[Records shown]

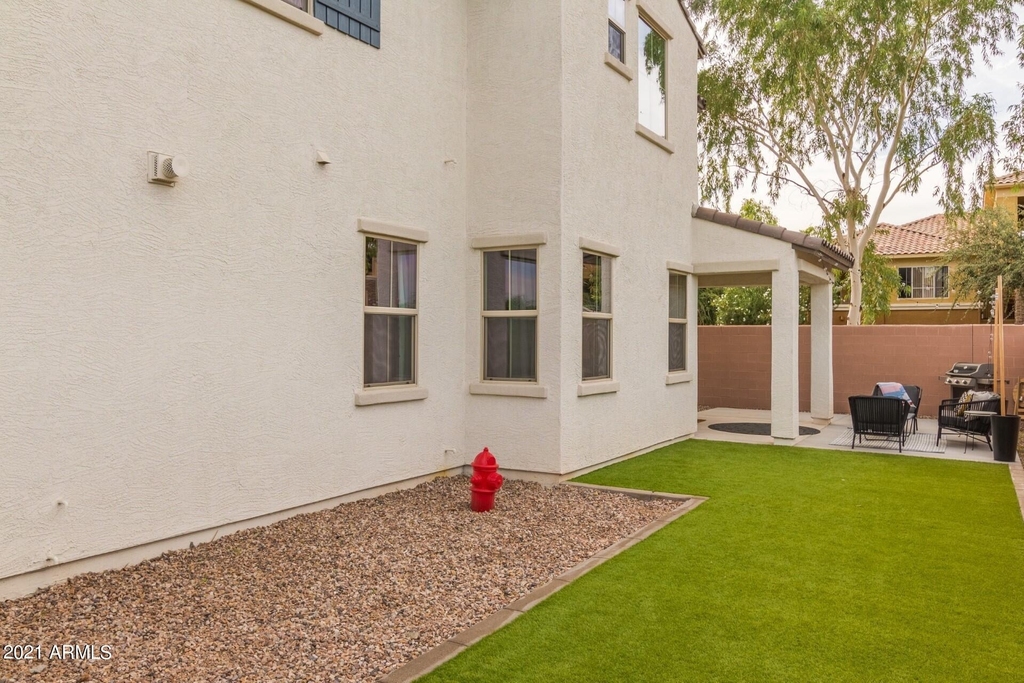 1942 S Sycamore Place - Photo 18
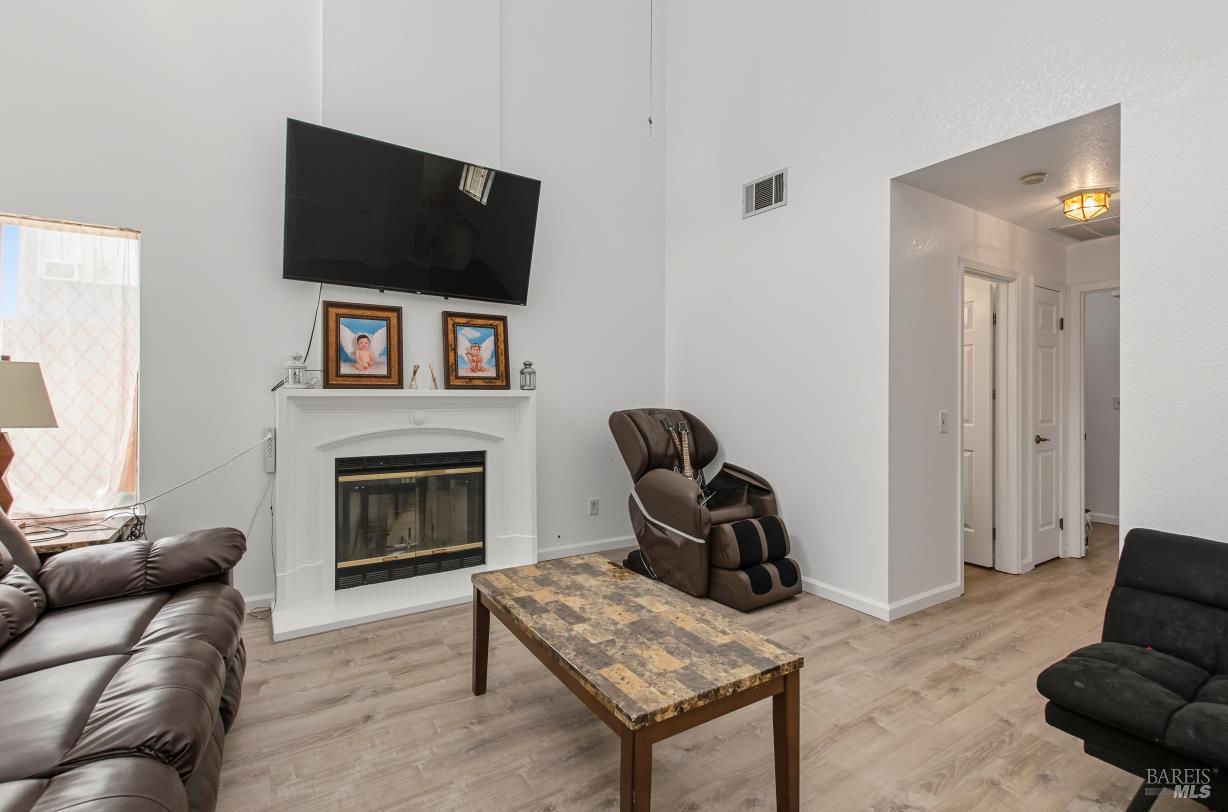 Detail Gallery Image 13 of 36 For 3121 Ferngrove Way, Antioch,  CA 94531 - 4 Beds | 3 Baths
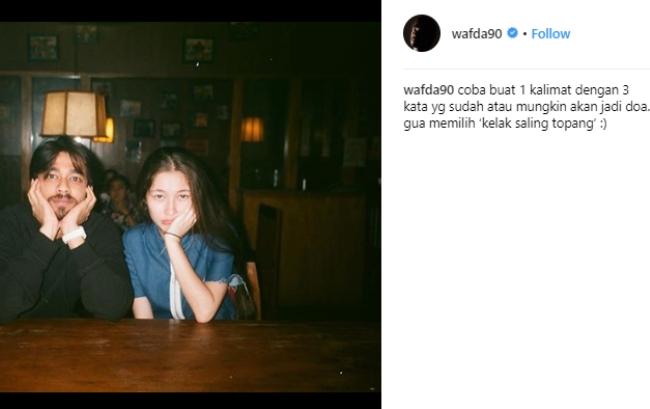 Bepose menopang dagu. (Instsgram/@wafda90)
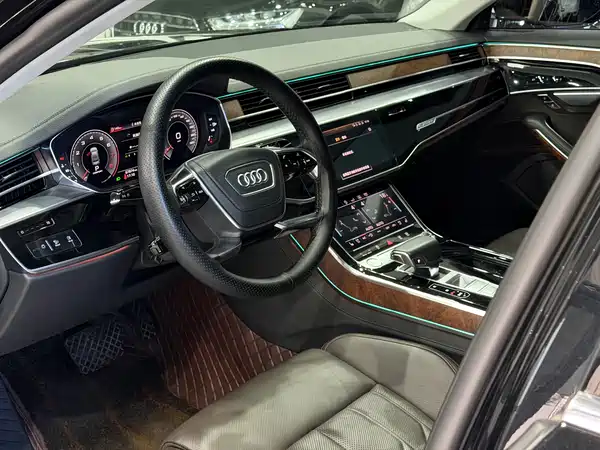 Audi A8 2019
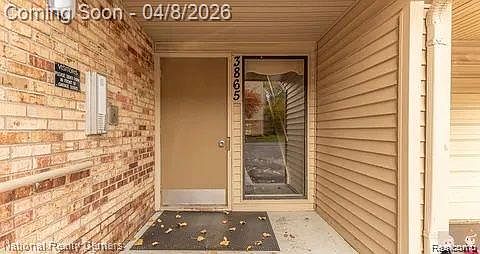3rd image of 3865 Lone Pine Rd APT 201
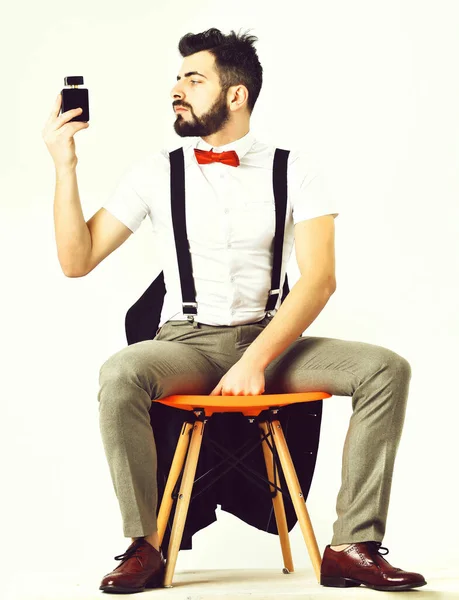 Hombre barbudo, hipster caucásico con bigote y frasco de perfume — Foto de Stock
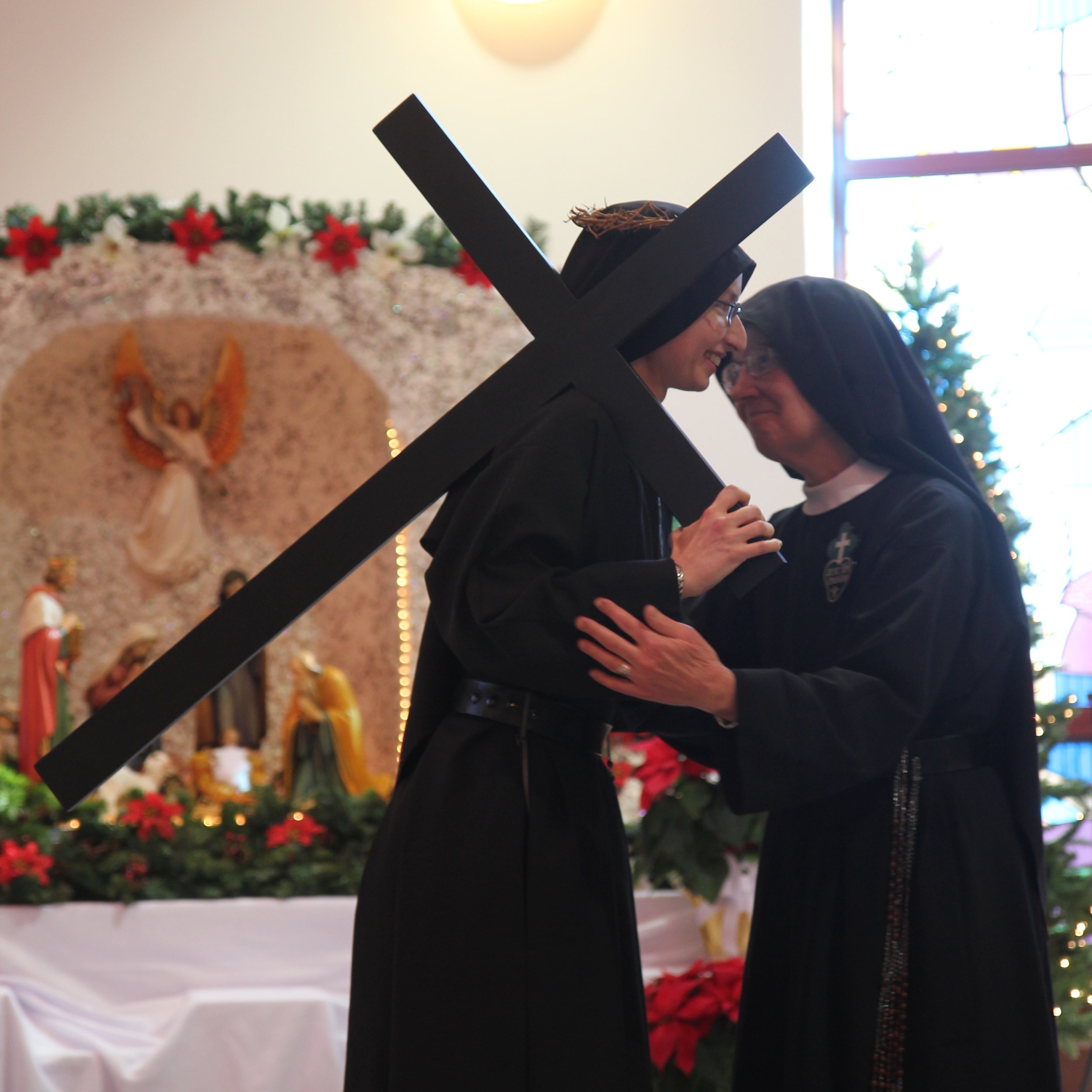  Sr. Mary Veronica, Novice Mistress and Juniorate Directress, exchanges the sign of peace with her spiritual daughter 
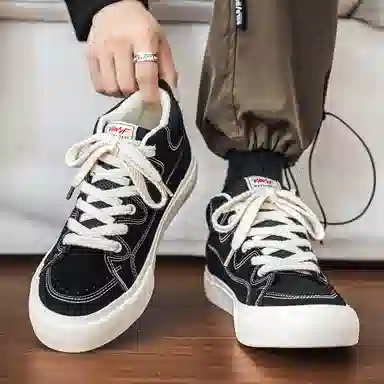 MESUCA Low Top Sneakers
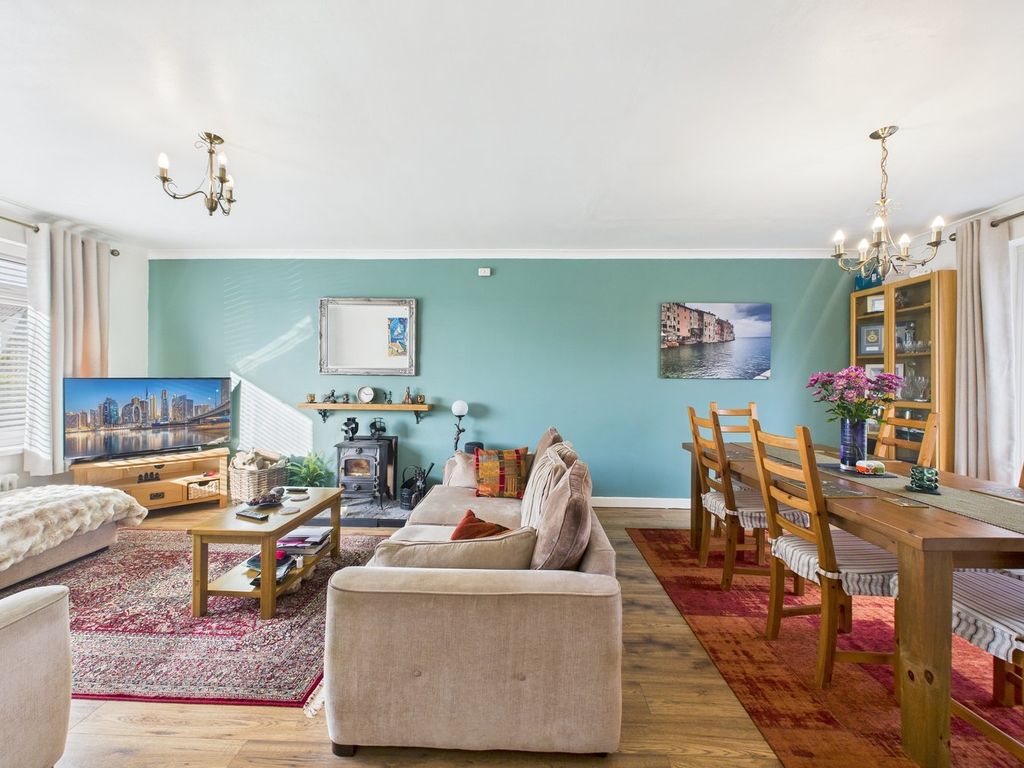 Property photo 3 of 32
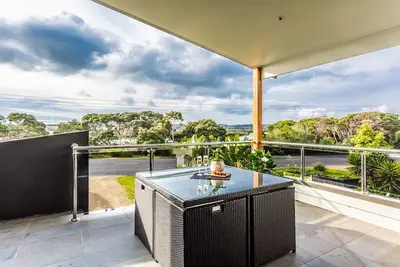 Image de River View Luxury BarwonHeads July school holiday special Contact for details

[/Records shown]

Before copying, set the pictures aside; then reproduce each entry above exactly.

== Answer box ==
 1942 S Sycamore Place - Photo 18
 Detail Gallery Image 13 of 36 For 3121 Ferngrove Way, Antioch,  CA 94531 - 4 Beds | 3 Baths
 Bepose menopang dagu. (Instsgram/@wafda90)
 Audi A8 2019
3rd image of 3865 Lone Pine Rd APT 201
 Hombre barbudo, hipster caucásico con bigote y frasco de perfume — Foto de Stock
  Sr. Mary Veronica, Novice Mistress and Juniorate Directress, exchanges the sign of peace with her spiritual daughter 
 MESUCA Low Top Sneakers
 Property photo 3 of 32
 Image de River View Luxury BarwonHeads July school holiday special Contact for details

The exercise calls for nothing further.